= Instructions for the task =
Copy the lines below word for word, skipping any image.
[[ Record excerpts, beginning ]]
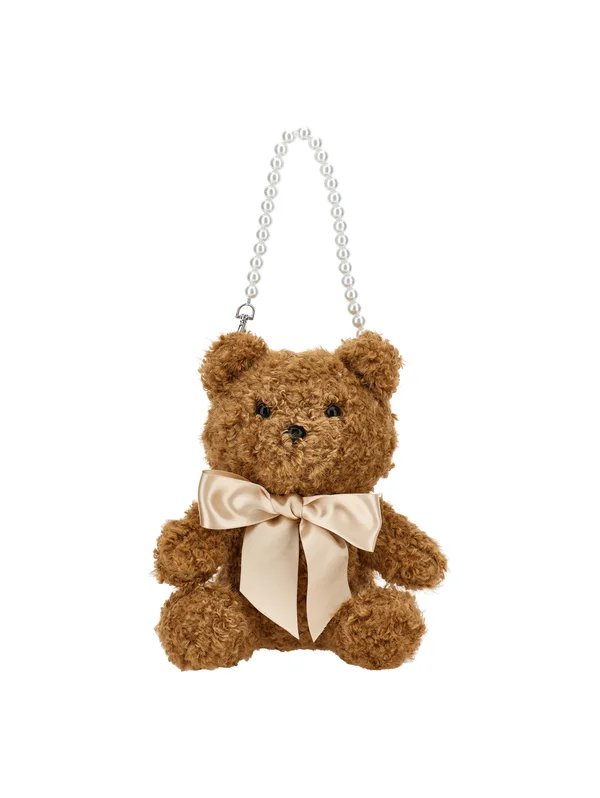 BEARS PELOCHE - Handbag - beige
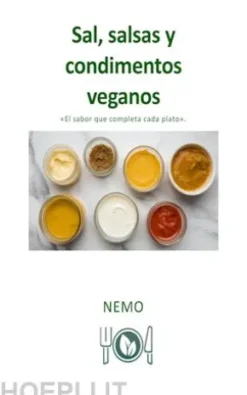 Sal, salsas y condimentos veganos: «Colección Terra vegan por Nemo – Volumen 6» - Versión Latinoamericana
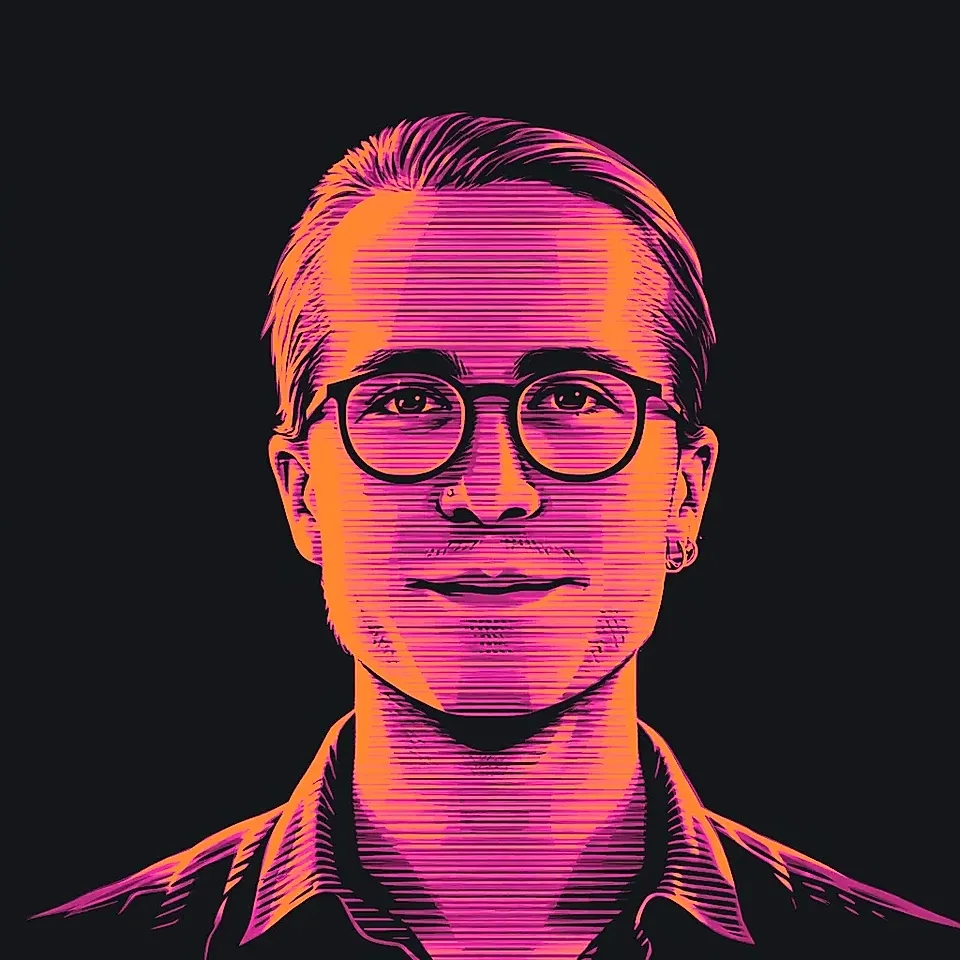 Portrait of Nathan Burg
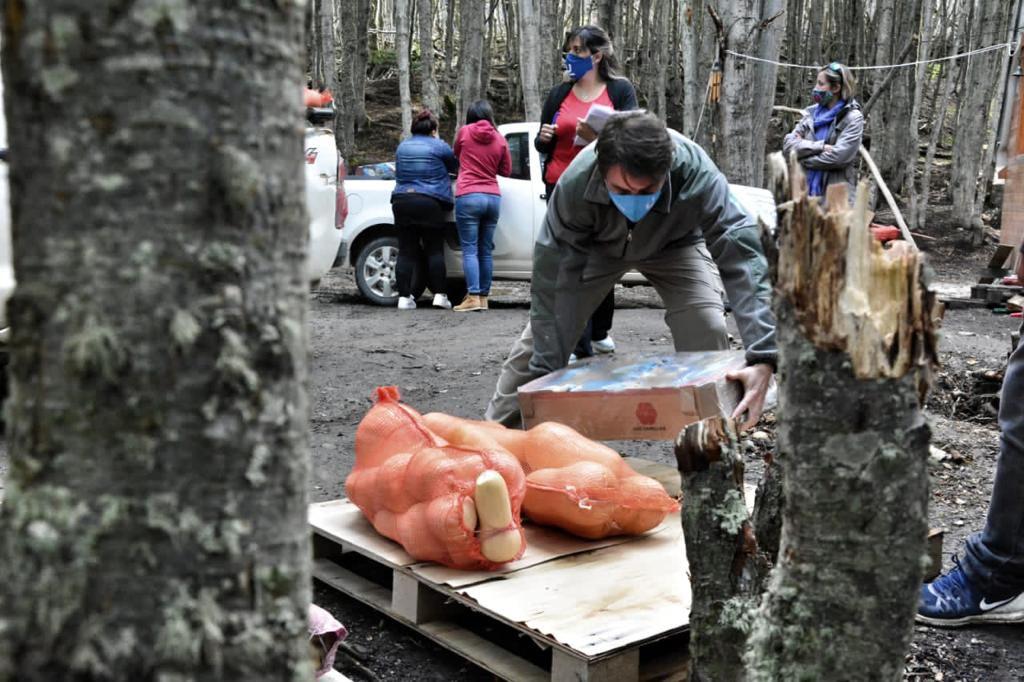 Alimentos donación Ushuaia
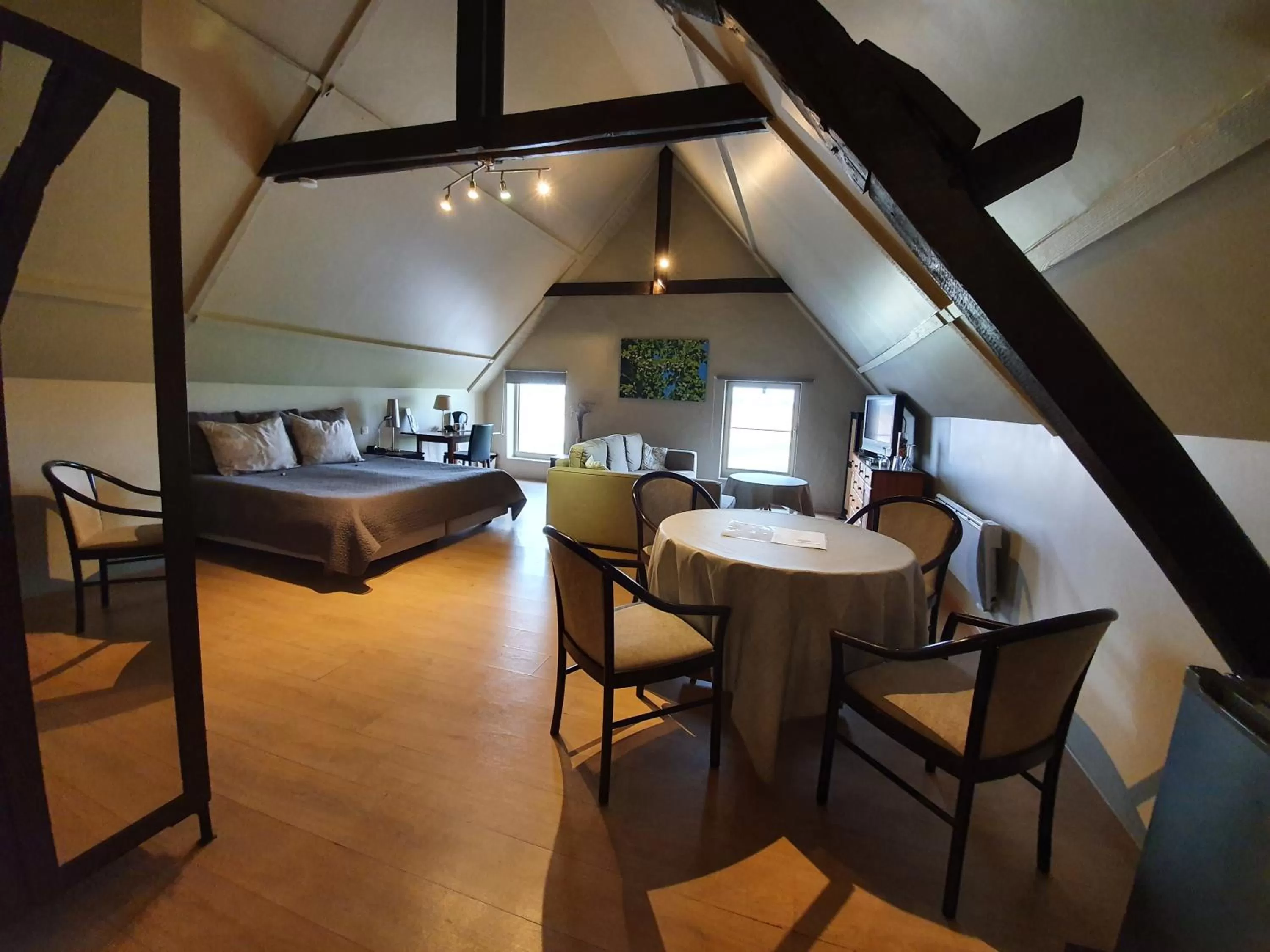 Bedroom in B&B Herberg Boerenhol DE MOTE BVBA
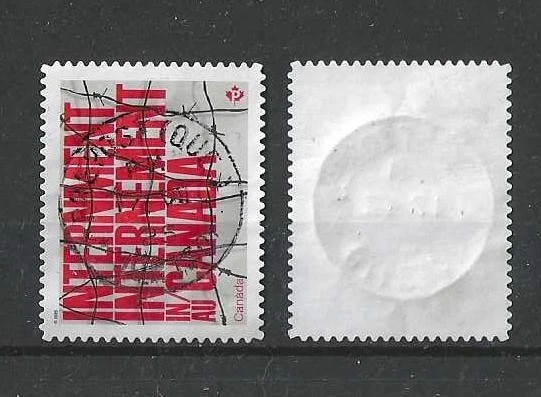 2025 Internment in Canada Booklet Single CDS Cancel USED - Image 1 of 1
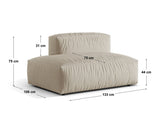 Modulinis fotelis 652122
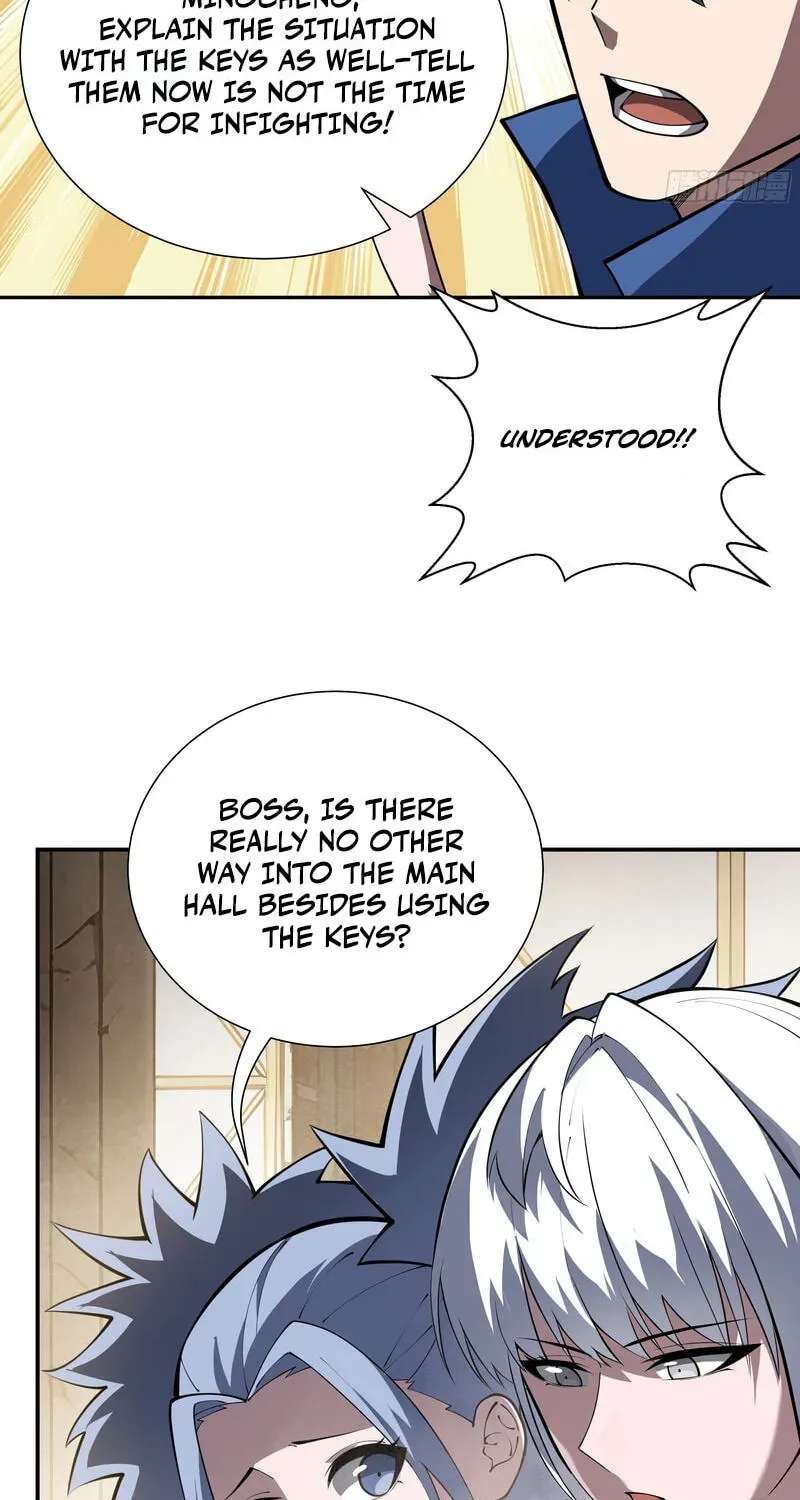I Owe A Billion Dollars And I am Forced to Become A Worker For An Evil God Chapter 54 - page 12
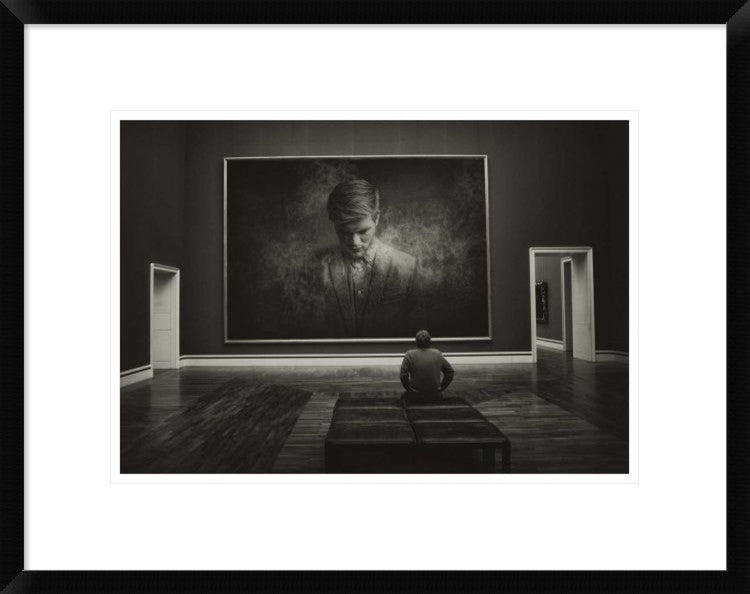 "Farina Tipo 00" Framed Digital Print by Raphael Guarino, 24"x19"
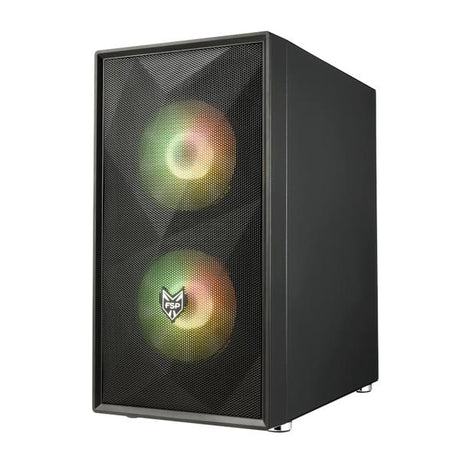 FSP CST130A Micro-ATX Gaming Chassis - Black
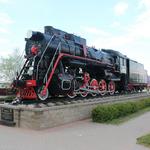 Паровоз (Лида), май 2016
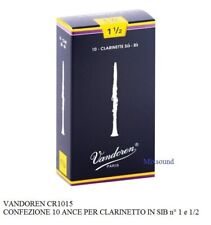 Vandoren cr1015 ance usato  Frattamaggiore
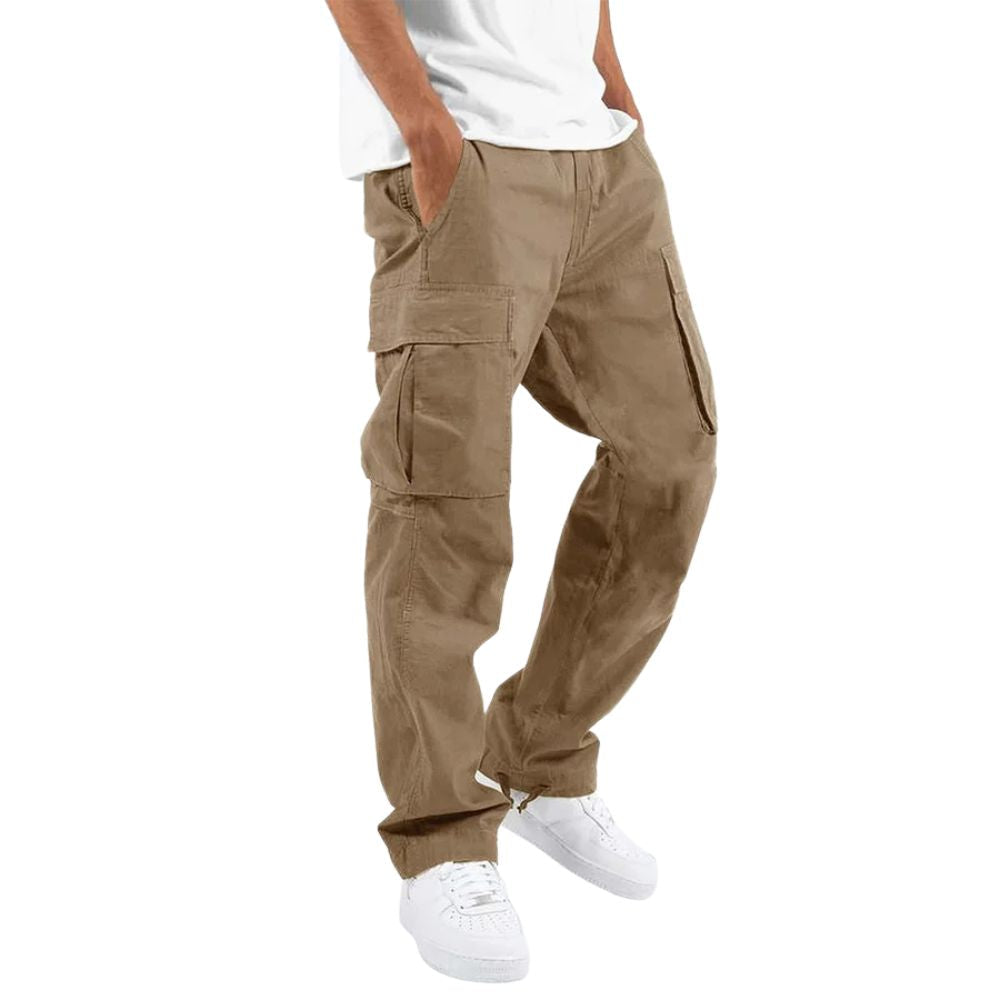 Streetwave Mens Cargo Shorts Wilfried Durable Comfortable Versatile Outdoor Shorts With Practical Pockets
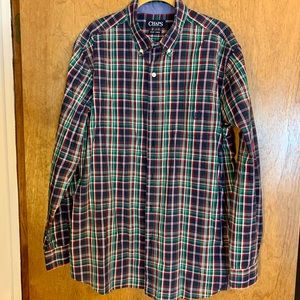 Chaps button down shirt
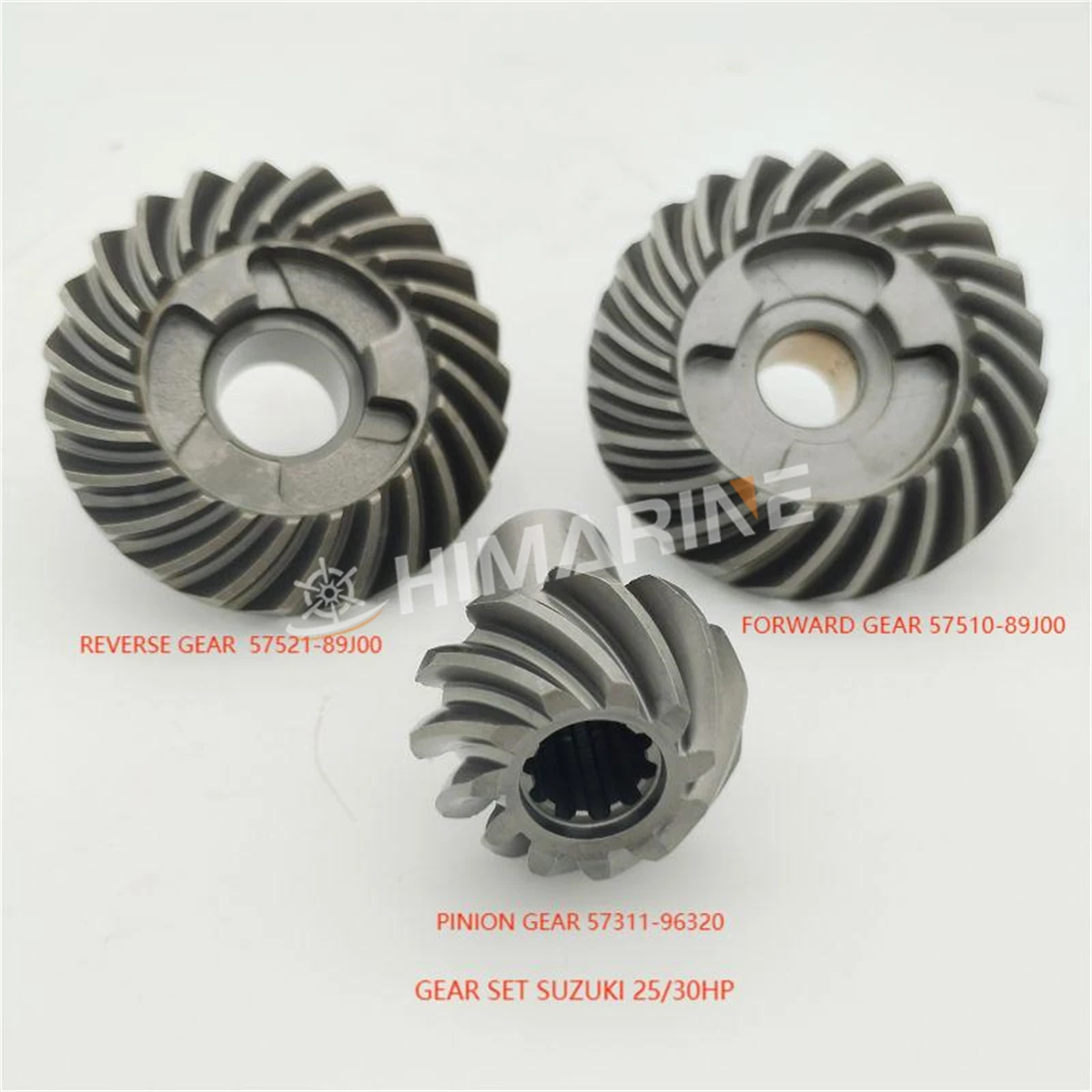 57311-96320 PINION 57510-89J00 FORWARD 57521-89J00 REVERSE 57311-96320 PINION 57510-89J00 FORWARD 57521-89J00 REVERSE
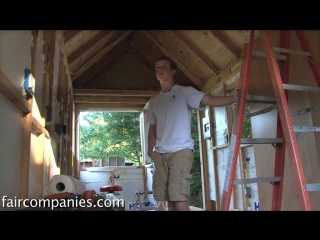 16 year old builds tiny home to guarantee mortgage free future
[[ Record excerpts, end ]]
= Task response =
 BEARS PELOCHE - Handbag - beige
 Sal, salsas y condimentos veganos: «Colección Terra vegan por Nemo – Volumen 6» - Versión Latinoamericana
 Portrait of Nathan Burg
 Alimentos donación Ushuaia
 Bedroom in B&B Herberg Boerenhol DE MOTE BVBA
 2025 Internment in Canada Booklet Single CDS Cancel USED - Image 1 of 1
 Modulinis fotelis 652122
I Owe A Billion Dollars And I am Forced to Become A Worker For An Evil God Chapter 54 - page 12
 "Farina Tipo 00" Framed Digital Print by Raphael Guarino, 24"x19"
 FSP CST130A Micro-ATX Gaming Chassis - Black
 Паровоз (Лида), май 2016
 Vandoren cr1015 ance usato  Frattamaggiore
 Streetwave Mens Cargo Shorts Wilfried Durable Comfortable Versatile Outdoor Shorts With Practical Pockets
 Chaps button down shirt
 57311-96320 PINION 57510-89J00 FORWARD 57521-89J00 REVERSE 57311-96320 PINION 57510-89J00 FORWARD 57521-89J00 REVERSE
 16 year old builds tiny home to guarantee mortgage free future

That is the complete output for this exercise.